No this is non-issue for the Church now and forever.Furthermore, it reaffirms the Church position on wide range of moral basics and these likewise are non-issues to be considered.Just trust your “red flags” with regards to Church teachings if this doesn’t help ask this forum.
 
But you see, you might be being a bit hasty saying the teaching will be the same ‘now and forever’.

How many Catholics still believe that taking the Pill is always wrong in the eyes of the Church? Forty years ago, during the Sixties, nuns in the (then) Belgian Congo were routinely issued with the Pill, as the risk of rape was so bad during the Civil War there.
 
I don’t think we should assume that all marriages are the modern Western equal-partners type. Yes, in that type of marriage a wife could negotiate with her husband and persuade him to accept abstinence .
But in many countries of the world, this isn’t the case. Imagine a wife economically dependent on her husband. How can she keep him happy and providing for her children, while denying him the sex he is culturally-programmed to believe is his right? She runs the risk of him leaving her for another woman, and thereby condemning her to possible destitution.
It’s so easy to say that abstinence is the answer. No doubt the woman would be perfectly happy to abstain. But it’s not the wife that is causing the problem is it?
This has been my problem with our condom use teachings as well and I recently posted something similar on another thread.

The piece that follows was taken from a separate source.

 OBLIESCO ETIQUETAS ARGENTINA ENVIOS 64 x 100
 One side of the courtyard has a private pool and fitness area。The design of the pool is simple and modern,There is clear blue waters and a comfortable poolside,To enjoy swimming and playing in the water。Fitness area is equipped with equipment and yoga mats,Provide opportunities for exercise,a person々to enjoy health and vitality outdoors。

Your concerns are real and very relevant to hundreds of thousands of Catholics the world over. Marriage is not a union of equals in all cultures and we often forget that ours in a worldwide Church where people live in very different social situations.

There are countries where a woman will not even address her husband by his first name or sit at table with him because either action would be considered disrespectful. Could we seriously expect such a woman to request abstinence from her husband? If she left him where would she go, in a culture where family ties are everything and one’s place in society is secured by husband or father?

One of the other factors, which applies equally in the West, is the asymmetry of religious adherence and spiritual maturity between partners. What if one partner is devout and the other one is a lukewarm Catholic? Should they separate if one or the other partner will not try abstinence?

I agree that condoms do not protect 100% from HIV but isn’t any protection better than none at all for the non-dominant partner in a relationship who may not be free to do otherwise?

It’s not that I reject Church teachings on the matter, but I’d just like to see us apply these teaching practically because that’s what lay people are expected to do.